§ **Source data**
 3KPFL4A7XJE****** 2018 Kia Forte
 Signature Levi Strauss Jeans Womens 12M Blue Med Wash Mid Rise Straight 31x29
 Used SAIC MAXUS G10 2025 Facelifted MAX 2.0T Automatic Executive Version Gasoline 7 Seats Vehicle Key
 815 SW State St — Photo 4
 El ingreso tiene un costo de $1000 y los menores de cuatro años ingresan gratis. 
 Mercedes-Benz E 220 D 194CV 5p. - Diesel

---

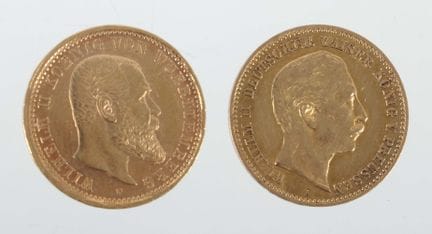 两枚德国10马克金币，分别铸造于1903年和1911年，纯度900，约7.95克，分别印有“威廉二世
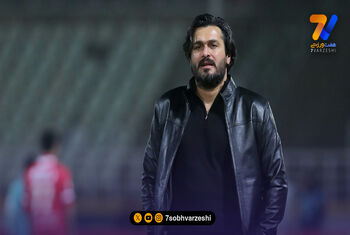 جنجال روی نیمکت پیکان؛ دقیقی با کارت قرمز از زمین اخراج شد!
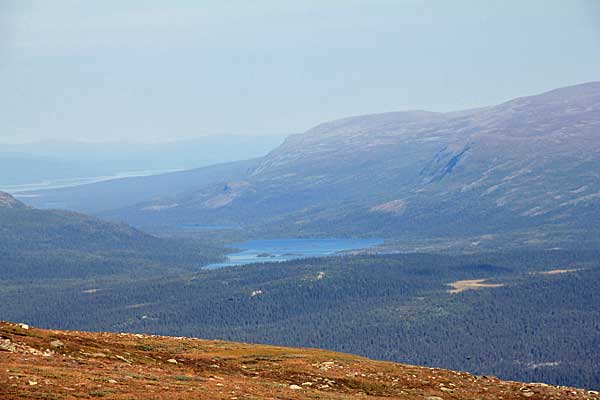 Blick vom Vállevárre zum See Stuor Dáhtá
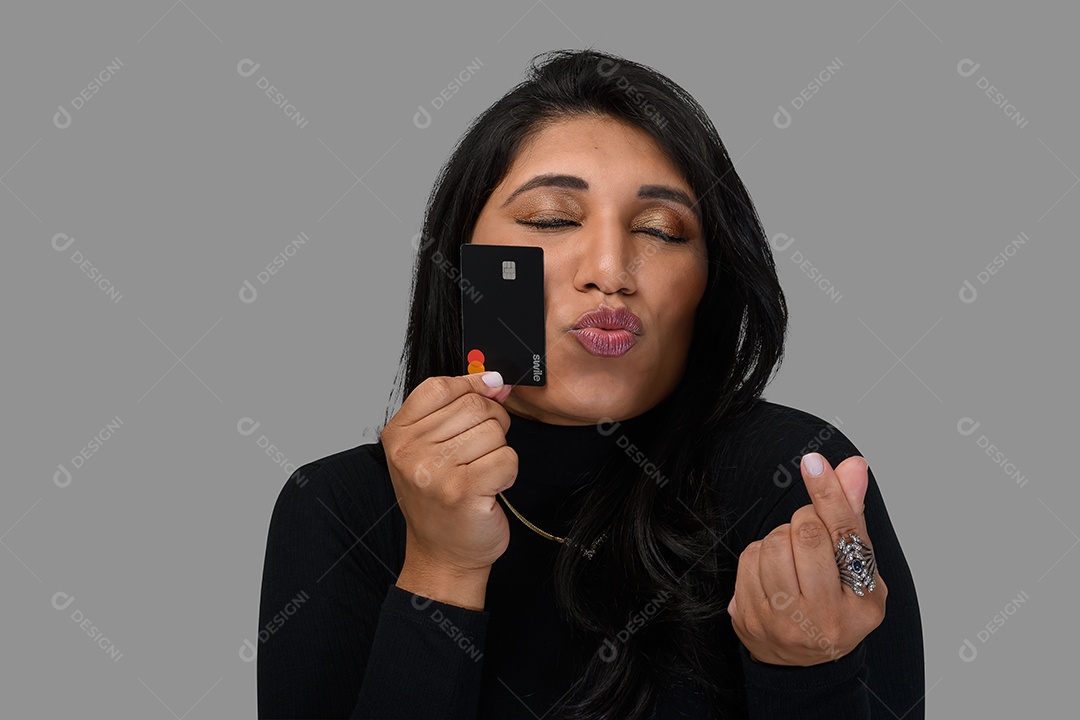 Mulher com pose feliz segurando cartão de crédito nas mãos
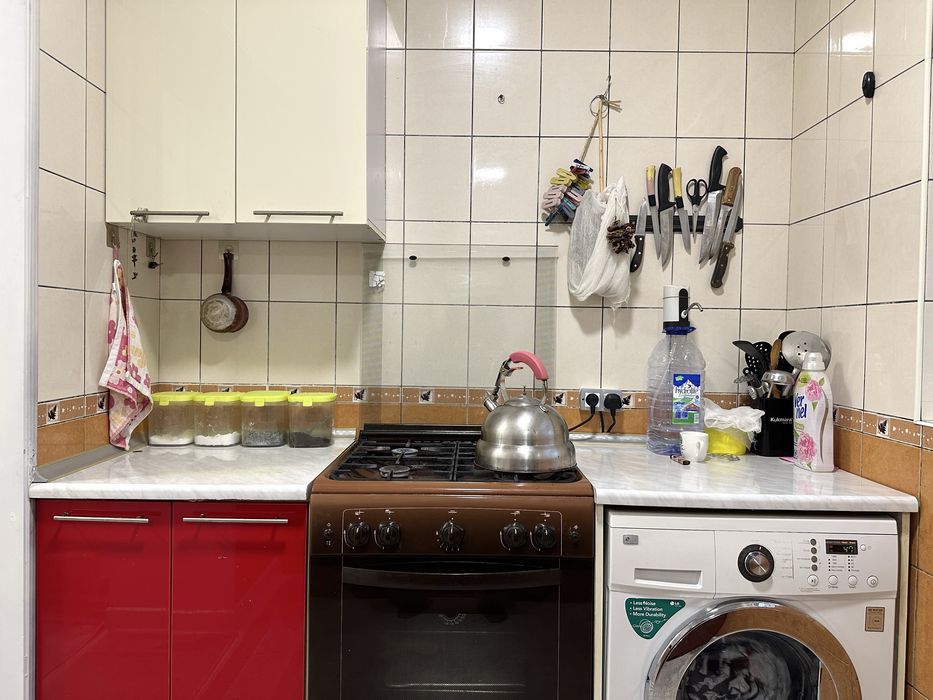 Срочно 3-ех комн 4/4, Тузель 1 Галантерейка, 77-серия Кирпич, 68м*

==

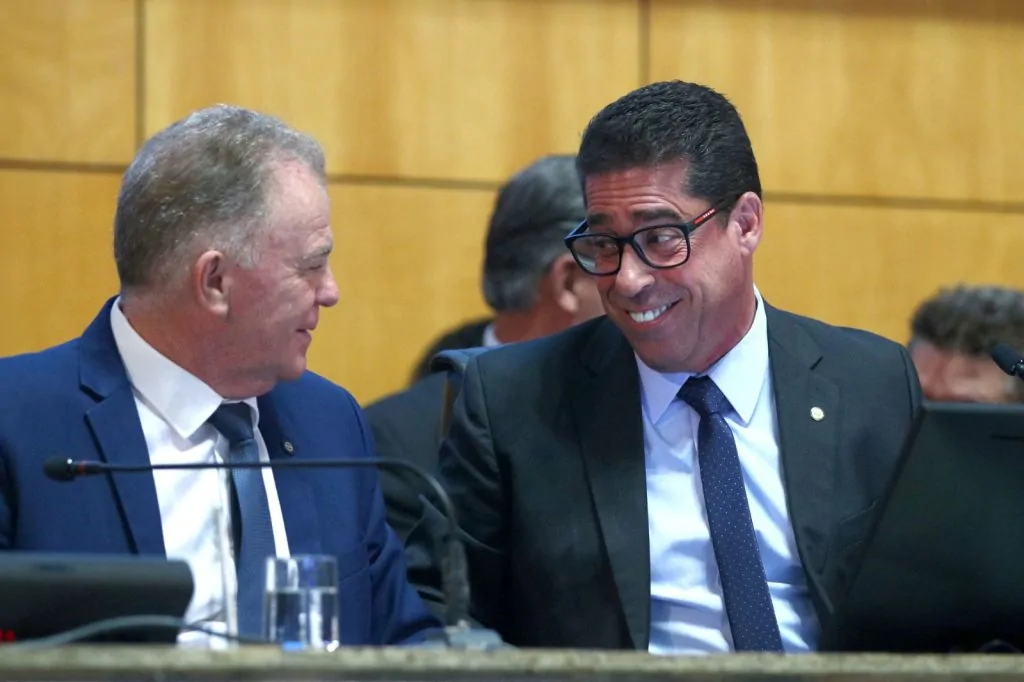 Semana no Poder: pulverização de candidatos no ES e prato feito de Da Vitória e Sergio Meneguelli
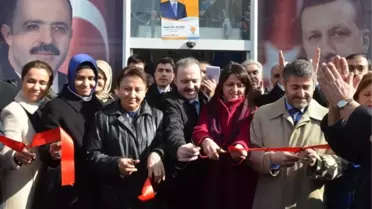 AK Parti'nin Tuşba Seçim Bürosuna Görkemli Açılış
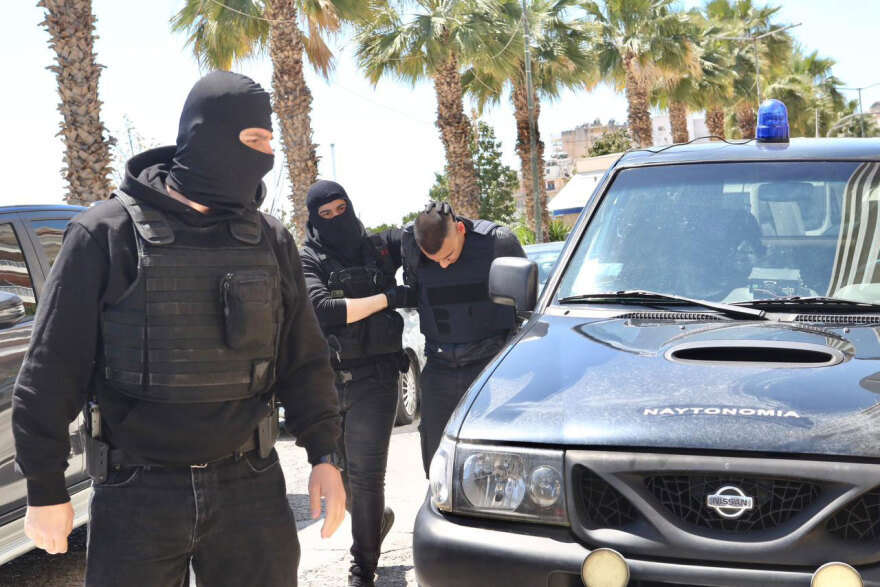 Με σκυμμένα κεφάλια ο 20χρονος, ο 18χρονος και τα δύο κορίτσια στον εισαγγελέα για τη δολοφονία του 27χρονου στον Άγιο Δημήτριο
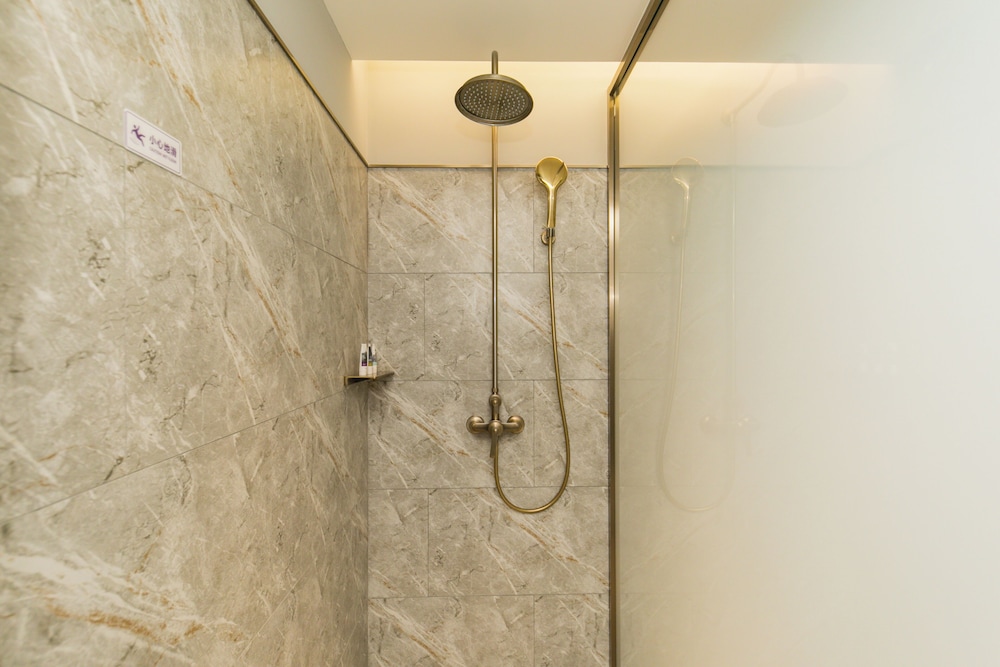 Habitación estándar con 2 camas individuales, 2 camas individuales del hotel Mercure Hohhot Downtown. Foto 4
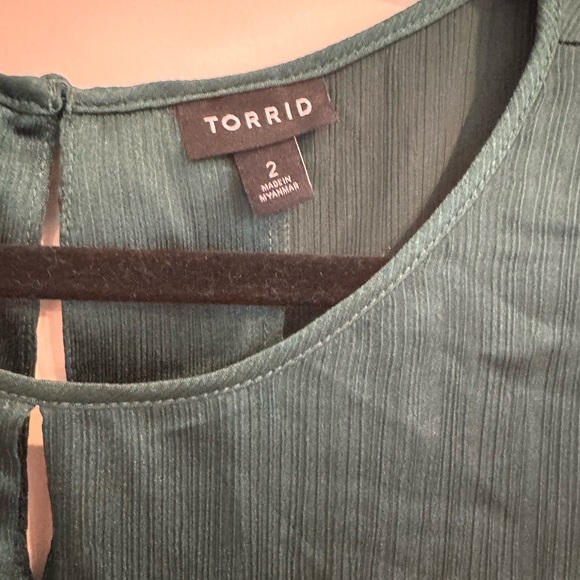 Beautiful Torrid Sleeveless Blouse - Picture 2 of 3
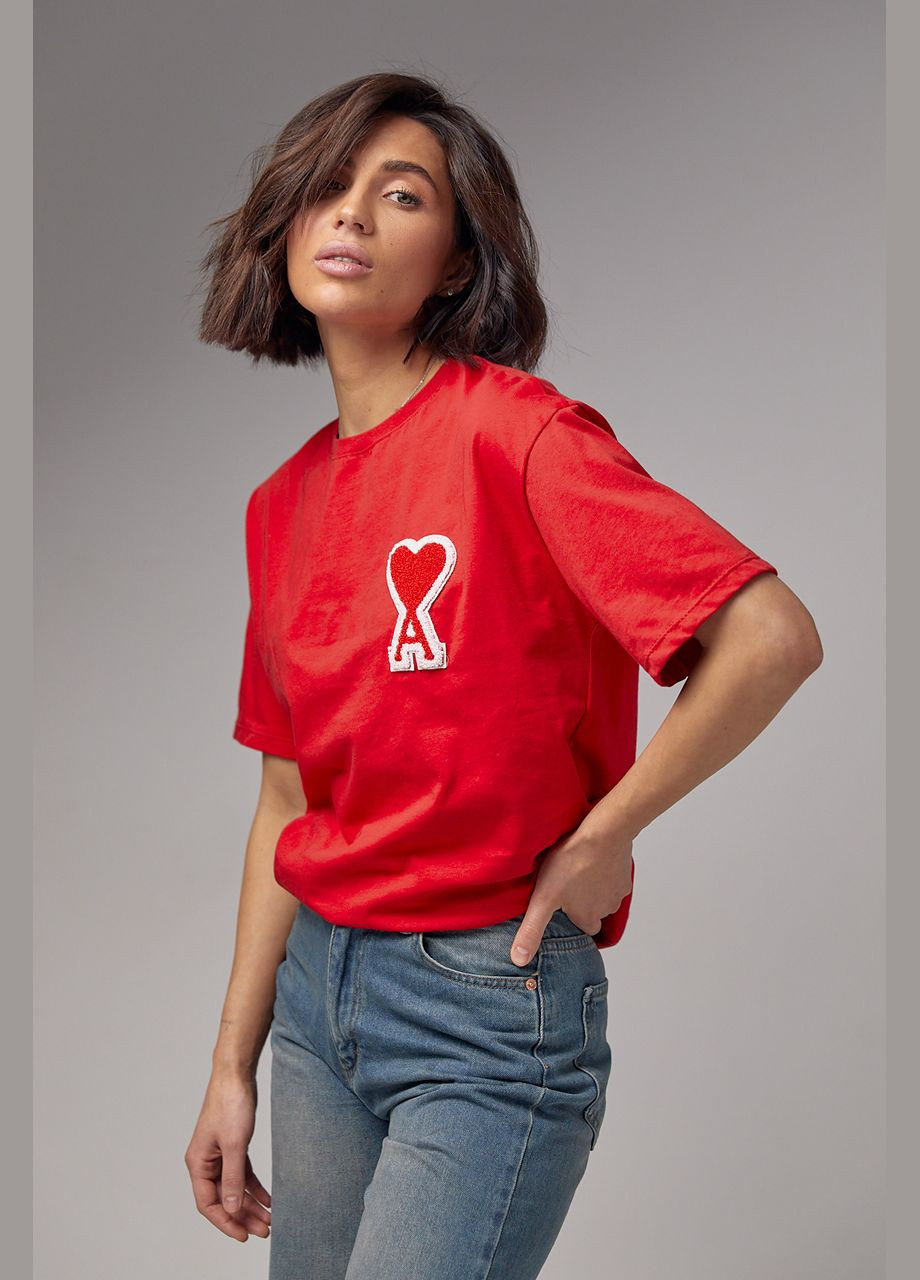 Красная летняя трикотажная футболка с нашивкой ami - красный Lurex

§ **Task statement**
Copy out each line of the data above, exactly, if it lies between the line holding "3KPFL4A7XJE****** 2018 Kia Forte" and the line holding "Mercedes-Benz E 220 D 194CV 5p. - Diesel", inclusive; copy no other line.

§ **Exercise answer**
 3KPFL4A7XJE****** 2018 Kia Forte
 Signature Levi Strauss Jeans Womens 12M Blue Med Wash Mid Rise Straight 31x29
 Used SAIC MAXUS G10 2025 Facelifted MAX 2.0T Automatic Executive Version Gasoline 7 Seats Vehicle Key
 815 SW State St — Photo 4
 El ingreso tiene un costo de $1000 y los menores de cuatro años ingresan gratis. 
 Mercedes-Benz E 220 D 194CV 5p. - Diesel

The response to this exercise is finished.